# Help me pick a headset color.



## Fattybiker (Mar 2, 2005)

I know this is very subjective, but I'm changing my headset on my 2000 polished Classic and not sure what color to go with. The new headset will be a 1" threadless Chris King of course. Do I stick with the silver version and keep it uniformed in color? Do I go black since I've got black FSA carbon K-wings, a black Ritchey WCS stem, a black FSA carbon post, and black Ligero built Alex RD400 rims? Or do I go with some color like the sweet red or blue headsets? Choices, choices, choices! I like the titanium headset, but I don't know if I can justify the cost over the standard aluminum ones. Any help would be appreciated:thumbsup:


----------



## clgtide1 (Jul 24, 2002)

I would go with the black one. I have a silver Chris King on my Ghisallo and is fine. My brother just got a black one for his.
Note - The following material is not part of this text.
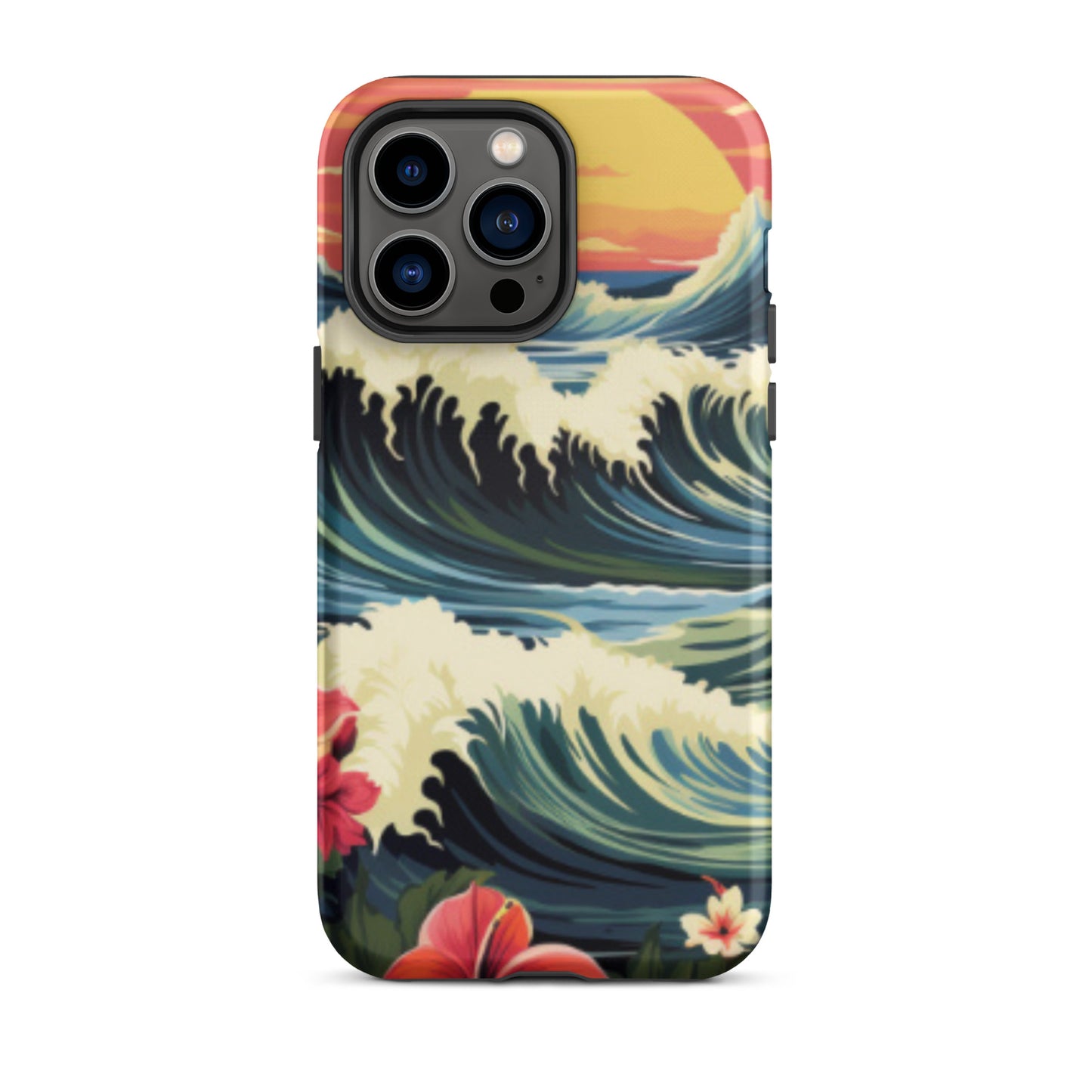 Sunset cell phone cover, Wave cell phone case, Tough Case for iPhone®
I think the contrast will be nice.


----------



## Veni Vidi Vici (Feb 10, 2004)

*Black*, of course


----------



## Juanmoretime (Nov 24, 2001)

I have a gold King on my titanium frame. It goes well with the gold KMCX10SL chain.


----------



## Fattybiker (Mar 2, 2005)

Wow, never would have given gold a thought, but man that looks nice! If anyone else has pic's of their headset, please share. Black would contrast the polished ti very nicely. 

Thanks guys:thumbsup:


----------



## linus (Mar 24, 2005)

I like pink for some reason......


----------



## Fastgaijin (Aug 24, 2005)

You're bike is a classic, so you need to stay classic: black.


----------



## Fattybiker (Mar 2, 2005)

Black is what I initially thought I'd go with, so black it will be since that seems to be the consenses. 

Cheers:thumbsup:


----------



## spookyload (Jan 30, 2004)

How about the patriot or rasta? The patriot is Red, silver, and blue. One of each component. The rasta is green, red, yellow, and black. All of these colors are in the headbadge and would look good. There is even a site on ebay that sells CK's where you can pick the color of each part.


----------



## msheron (Nov 2, 2005)

I just bought a silver one................I want to keep that Ti look or at least shade of color.


----------